◆ YOUR GOAL
Give back exactly the lines that start at the one containing "Reparan las pasarelas" and run to the end of the material, leaving out the pictures.

◆ EXERCISE INPUTS
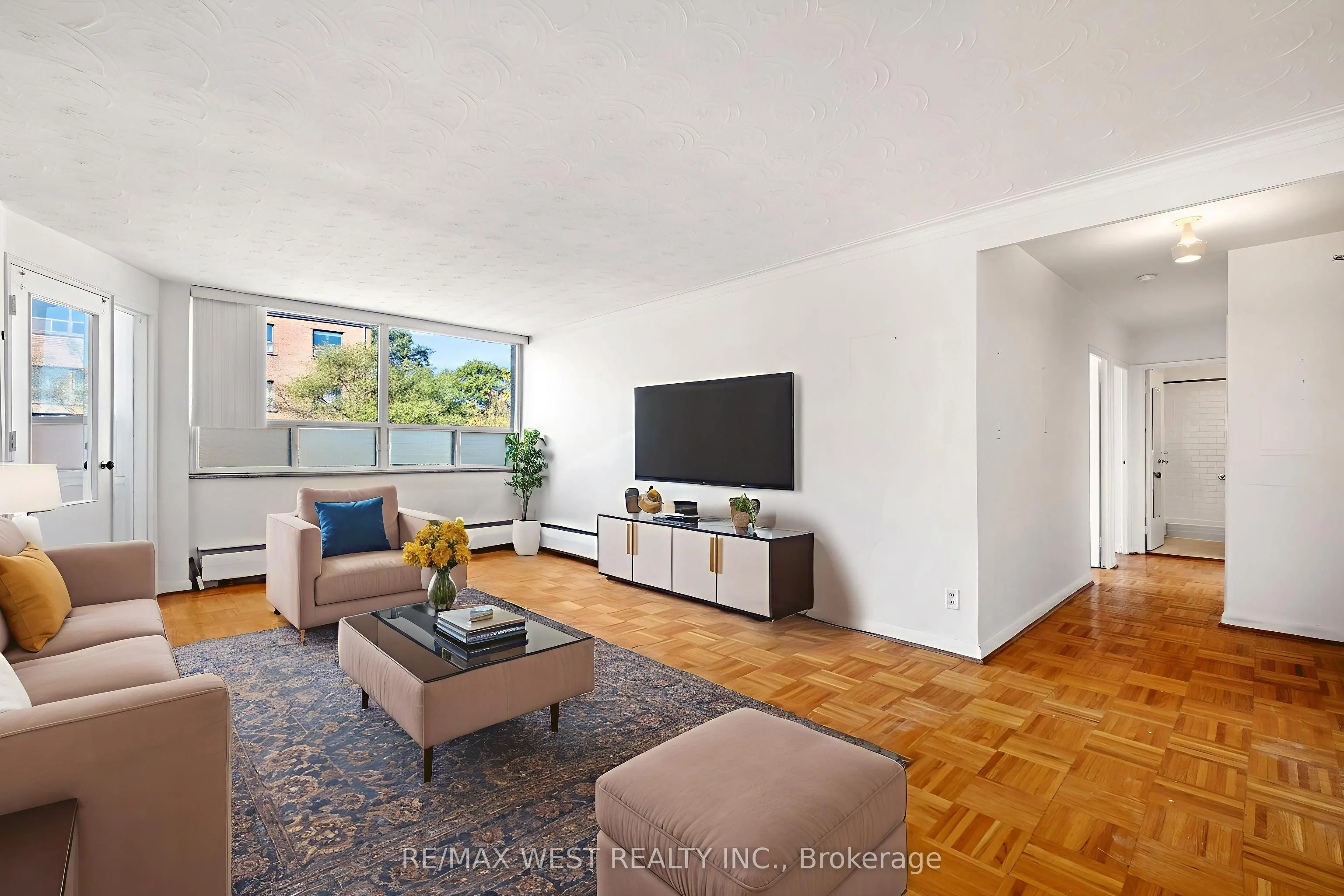 8 Kinsdale Boulevard, #35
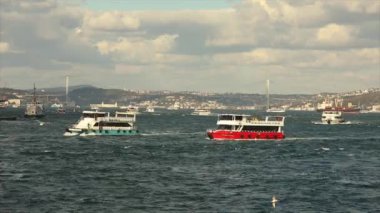 Boğaz 'da Türk bayrağının renginde tekne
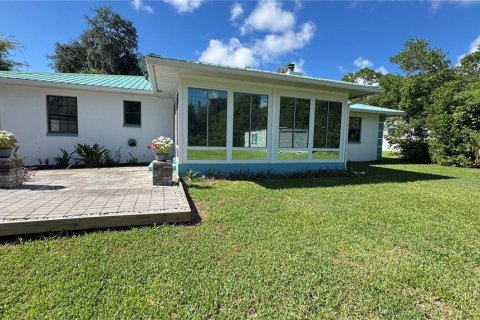 Casa en venta en Fruitland Park, Florida, 3 dormitorios, 177.44 m2 № 2342239 - foto 20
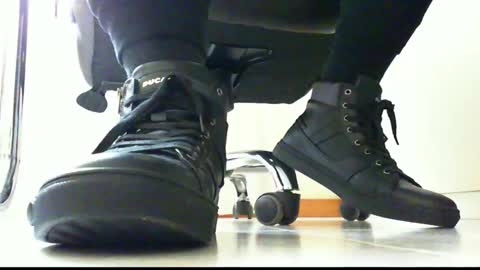 Snapshot of pablomenesssl chatting on 01/08/25, 12:15 Pablo Meness online show from 01/08/25, 12:15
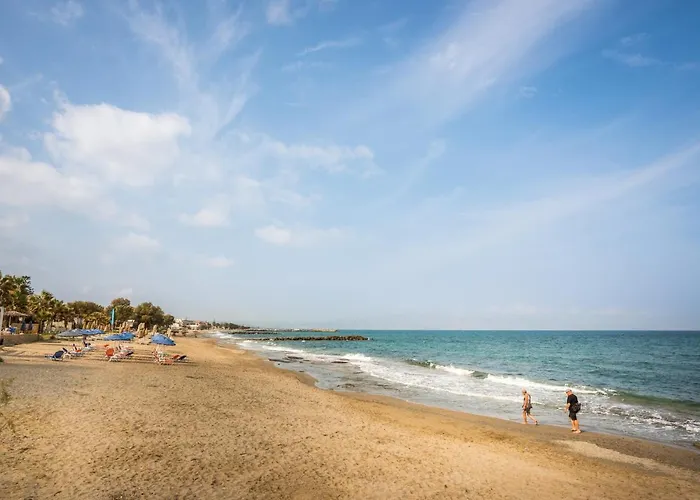 Athina Apartments Near The Sea Platania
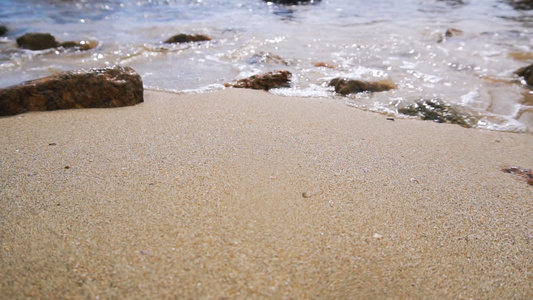 慢门阳光海滩海浪空镜视频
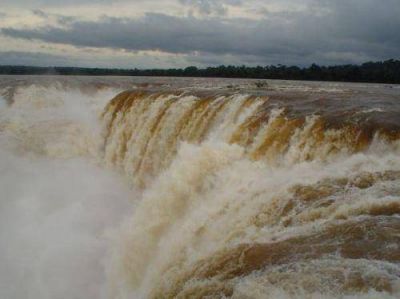 Reparan las pasarelas de la Garganta e insisten con la espectacularidad que ofrece Cataratas 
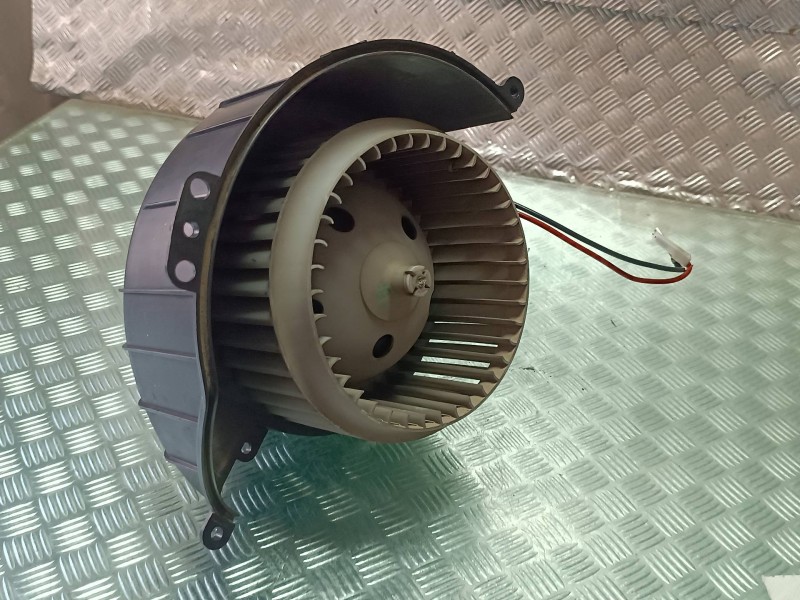 Recambio de ventilador calefaccion para opel astra gtc cosmo referencia OEM IAM 52407543 855601156 CONECTOR 2 PINES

◆ TASK RESPONSE
 Reparan las pasarelas de la Garganta e insisten con la espectacularidad que ofrece Cataratas 
 Recambio de ventilador calefaccion para opel astra gtc cosmo referencia OEM IAM 52407543 855601156 CONECTOR 2 PINES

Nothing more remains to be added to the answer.